## Main Task

> We want to investigate if there is a significant association between the type of outcome (Win, Draw, Loss) and whether a match is played at home or away for Arsenal FC.

We collect data from 30 matches and categorize the outcomes as follows:

|          | Win | Draw | Loss | Total |
|----------|-----|------|------|-------|
| Home     |  15 |    2 |    2 |    19 |
| Away     |  13 |    3 |    3 |    19 |
| **Total**|  28 |    5 |    5 |    38 |

## Why Chi-Square Test For Independence?

* **Data Type:** We have categorical data (match outcomes and match location).
* **Objective:** We want to determine if there is a significant association between two categorical variables (outcome type and match location).
* **Frequency Counts:** The data consists of frequency counts for different categories.

## Step By Step Solution
#### State the Hypotheses:
* **Null Hypothesis ($H_0$)**: The type of outcome (Win, Draw, Loss) is independent of the match location (Home, Away).
* **Alternative Hypothesis($H_1$)**: The type of outcome (Win, Draw, Loss) is dependent on the match location (Home, Away).
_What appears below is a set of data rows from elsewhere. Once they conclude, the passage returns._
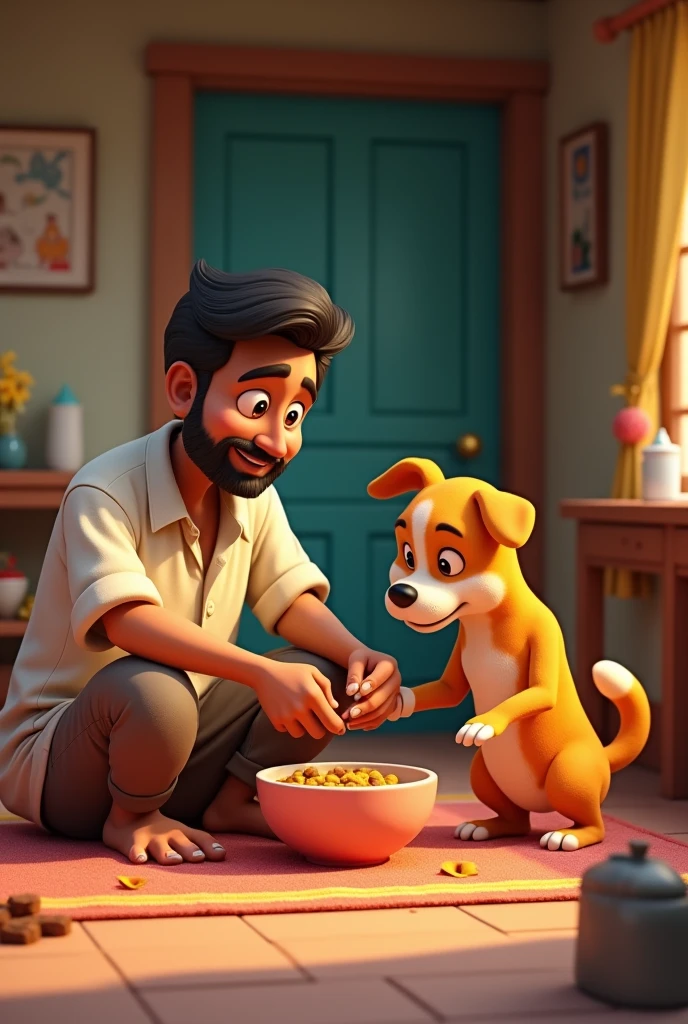 Cartoon 3d animation style"
Ramesh tending to the dog at his modest home**, applying medicine to the dog's wounds and feeding him.x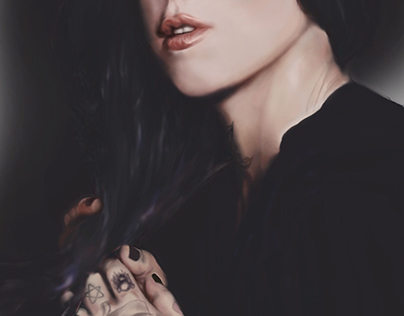 Portrait of Kat Von D Illustrated in Adobe Photoshop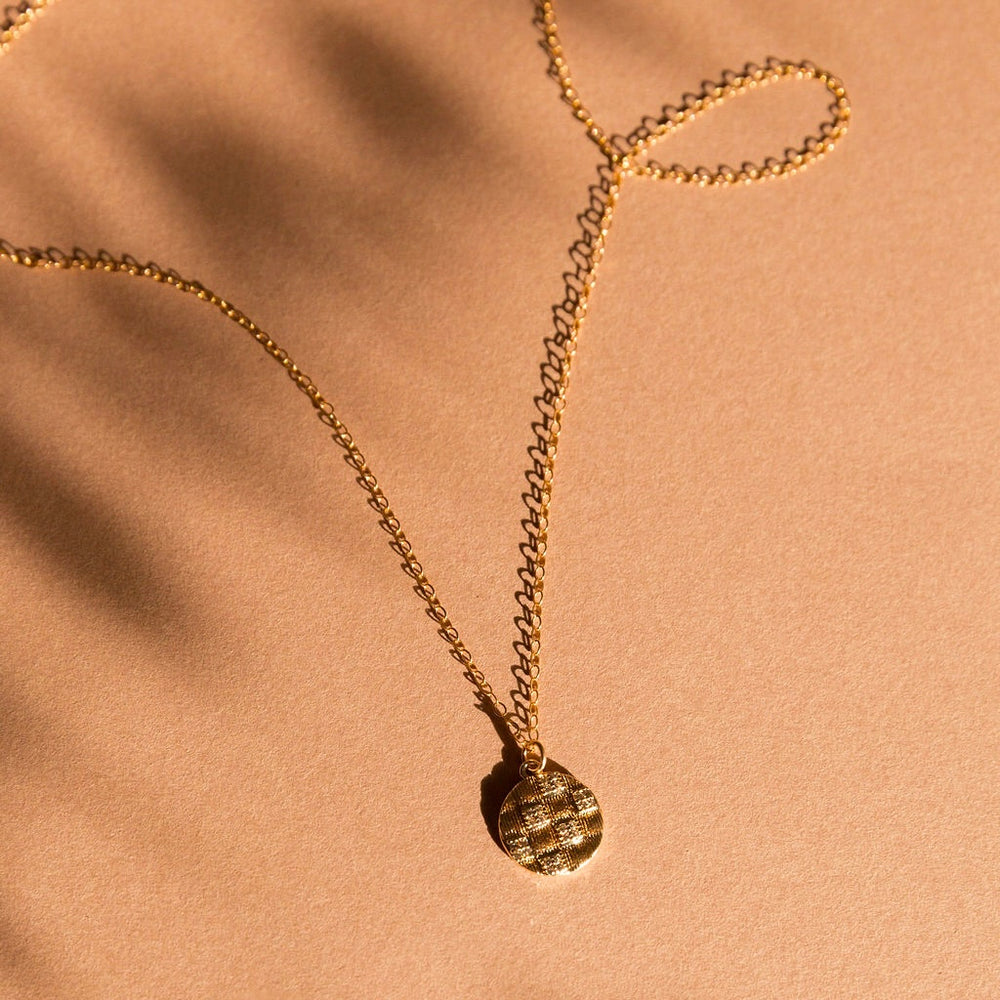 Checked Disk Necklace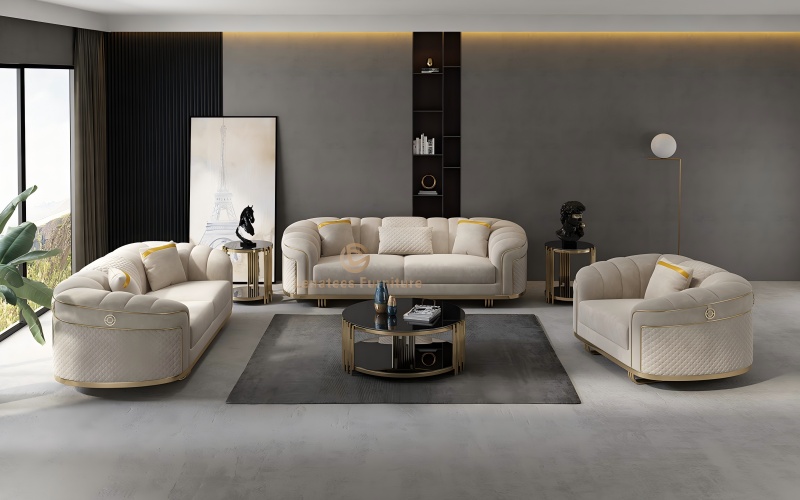 Italian na na -import na lino | Mababang-key na high-end na sofa ng tela
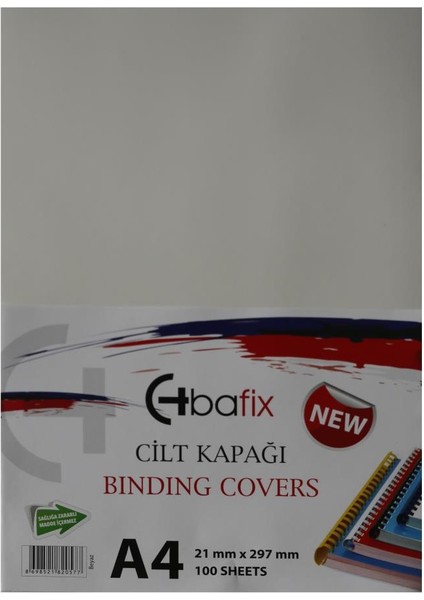 Bafix Cilt Kapağı Plastik Opak A4 160 Mıc Beyaz (100 Lü)
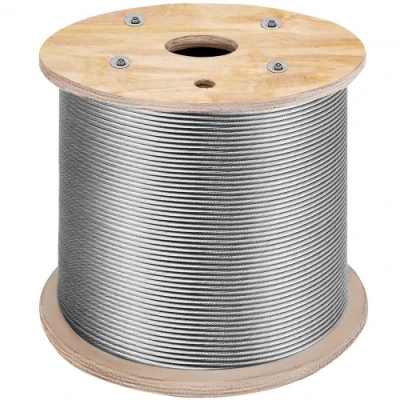 Afbeelding van VEVOR roestvrij stalen kabel, 4,8 mm x 305 m, staalkabel van staal 316, zeekwaliteit, voor balustrades, lichtkettingen, pendellampen, veranda hekken, doe het zelf baluster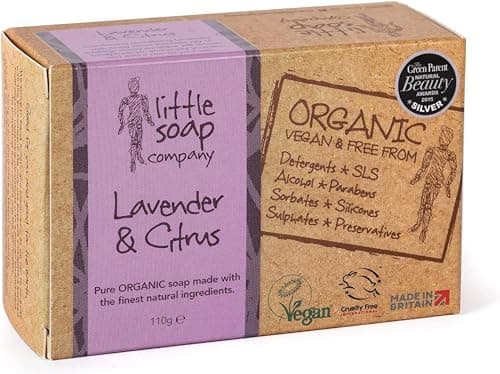 Little Soap Company Organic Lavender & Citrus Body and Hand Soap Bar, 110g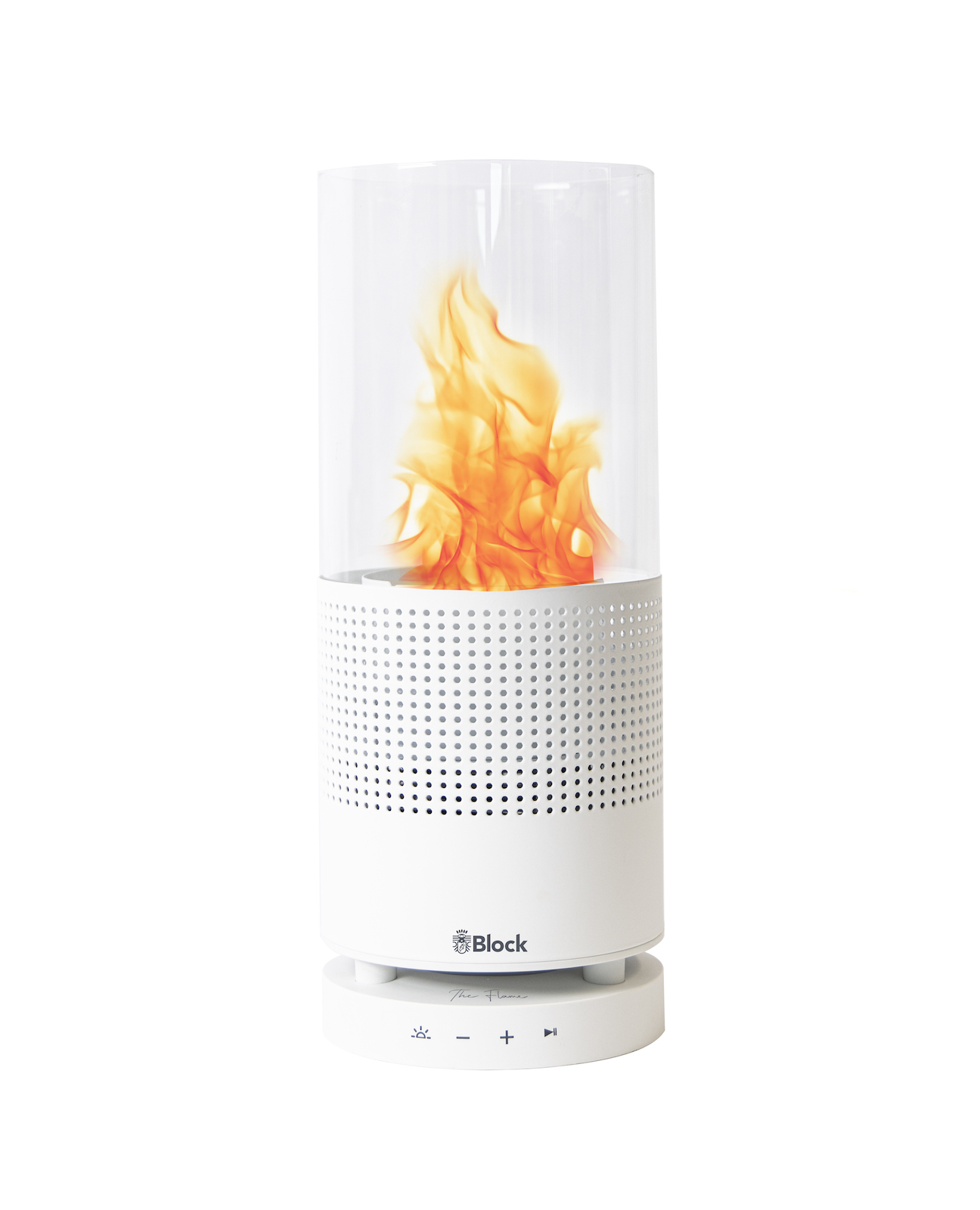 Block The Flame Tischfeuer und Bluetooth Lautsprecher von Audioblock weiß Block The Flame Tischfeuer und Bluetooth Lautsprecher von Audioblock weiß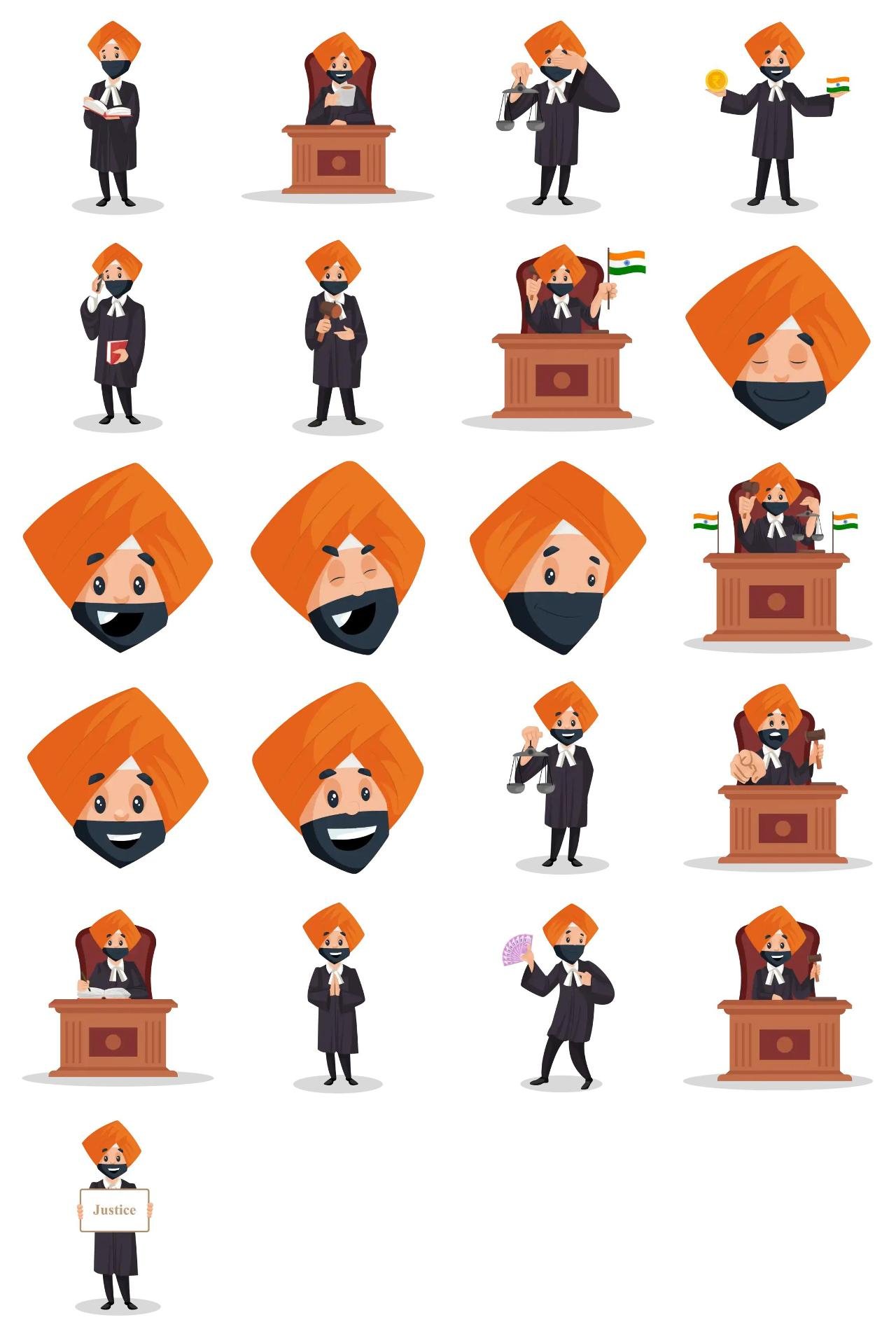 Punjabi Judge Animation/Cartoon,INDIA,People sticker pack for Whatsapp, Telegram, Signal, and others chatting and message apps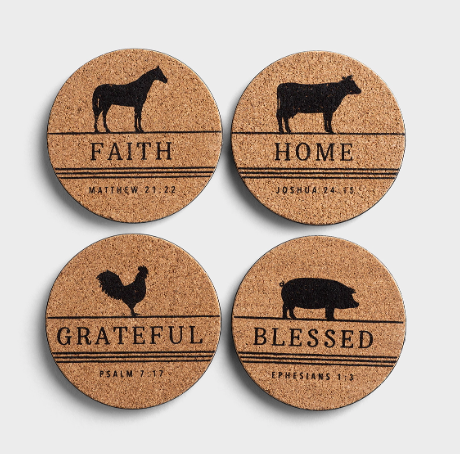 Farm Faith - Cork & Metal Coasters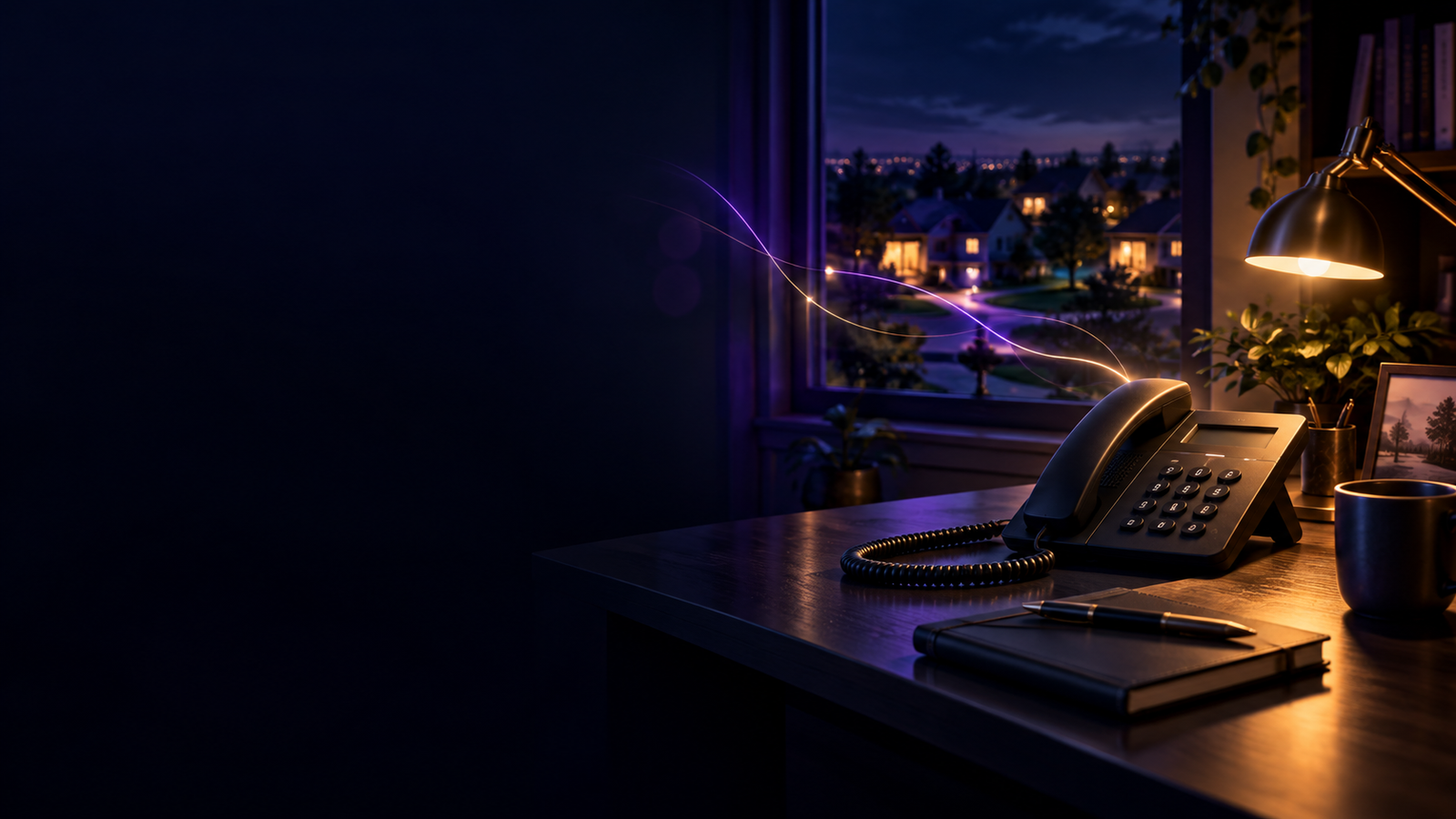 A warmly lit telephone and notebook ready for a homeowner support conversation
#### Observed Frequencies:
|          | Win | Draw | Loss | Total |
|----------|-----|------|------|-------|
| Home     |  15 |    2 |    2 |    19 |
| Away     |  13 |    3 |    3 |    19 |
| **Total**|  28 |    5 |    5 |    38 |

#### Expected Frequencies:
To calculate the expected frequencies, we use the formula: $$ E_{ij} = \frac{ (Row Total_{i})  × (Column Total_{j}) } {Grand Total} $$
#### Calculating each expected frequency:
$$E_{home,win} = \frac{19 × 28}{38} = 14$$
$$E_{home,draw} = \frac{19 × 5}{38} = 2.5$$
$$E_{home,loss} = \frac{19 × 5}{38} = 2.5$$
$$E_{away,win} = \frac{19 × 28}{38} = 14$$
$$E_{away,draw} = \frac{19 × 5}{38} = 2.5$$
$$E_{away,loss} = \frac{19 × 5}{38} = 2.5$$

The expected frequency table is:
|          | Win | Draw | Loss | Total |
|----------|-----|------|------|-------|
| Home     |  14 |  2.5 |  2.5 |    19 |
| Away     |  14 |  2.5 |  2.5 |    19 |
| **Total**|  28 |    5 |    5 |    38 |

#### Calculating the Chi-Square Statistic
The Chi-Square statistic is calculated using the formula: $$ X^2 = \sum\frac{(O_{ij} - E_{ij})^2}{E_{ij}} $$
##### Plugging in the observed and expected frequencies: 
$$ X^2 = \frac{(15 - 14)^2}{14} + \frac{(2 - 2.5)^2}{2.5} + \frac{(2 - 2.5)^2}{2.5} + \frac{(13 - 14)^2}{14} + \frac{(3 - 2.5)^2}{2.5} + \frac{(3 - 2.5)^2}{2.5} = 0.5428$$

#### Degrees of Freedom and Critical Value
Degrees of freedom for the Chi-Square Test for Independence is given by: $$ df = (r - 1) × (c - 1) $$
where: 
* $r$ is the number of rows.
* $c$ is the number of columns.

In our case: $$ df = (2 - 1) × (3 - 1) = 1 × 2 = 2 $$

#### 

Using a significance level ($\alpha$) of $0.05$, the critical value from the Chi-Square distribution table for 2 degrees of freedom is approximately $5.991$.

#### Decision
We compare the calculated Chi-Square statistic $X^2 = 0.5428$ with the critical value $5.991$.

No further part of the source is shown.